# FrameSet !!!



## schebi (11. August 2001)

Habe mir eine Seite erbaut und dann ein Frameset zusammen gestellt wo die einzelnen Datei(bilder) so angordnet werden das es ein Schönes Bild ergibt ! das Problem ist allerdings  das es von der Fenstergröße an hängt ob alles passt ! 
Am liebsten wäre es mir wenn alles immer in der Mitte des Fensters steht und sich auch nicht verändert wenn man das fenster Größer oder kleiner macht.
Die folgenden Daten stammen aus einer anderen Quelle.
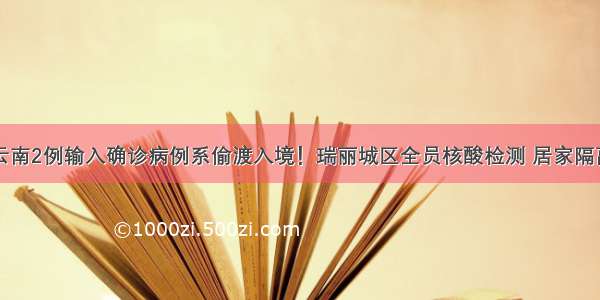 云南2例输入确诊病例系偷渡入境！瑞丽城区全员核酸检测 居家隔离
Hab allerdings keine Ahnung wie ich das am besten anstelle ! Vielleicht schaut ihr euch das FrameSet einfach mal an. 
zu finden unterSchebeko.de 
Für euer bemühen danke ich euch !
Schön wär so was ähnliches wie <DIV absolute-position> !!1 
MfG Jan


----------



## Maximka (12. August 2001)

*mal eine Frage?*

muessen es den Frames sein?

Du koenntest doch eine Tabelle machen mit fester Breite und Hoehe.

Sonst kA.


----------



## schebi (13. August 2001)

*Ja es muss ien Frameset sein !!!*

denn sonst wüsste ich nicht wie ich in der Mitte die Seiten zeigen soll die ich bei den Links anwähle!
mfg schebi


----------



## Maximka (13. August 2001)

Ich hab jetzt so ein FrameSet gemacht, und es funzte.

<frameset cols="50%,200,50%">
	<frameset rows="50%,200,50%">
		<frame src="linksoben.html">
		<frame src="linksmitte.html">
		<frame src="linksunten.html">
	</frameset>
	<frameset rows="50%,200,50%">
		<frame src="mitteoben.html">
		<frame src="mittemitte.html">
		<frame src="mitteunten.html">
	</frameset>
	<frameset rows="50%,200,50%">
		<frame src="rechtsoben.html">
		<frame src="rechtsmitte.html">
		<frame src="rechtsunten.html">
	</frameset>
</frameset>

Das einzige:
jetzt muss du in den jeweiligen HTMLs die imgs an den Content bringen.
Sprich:
in linksoben in die rechte untere Ecke setzen
in linksmitte an den rechten Rand usw.


----------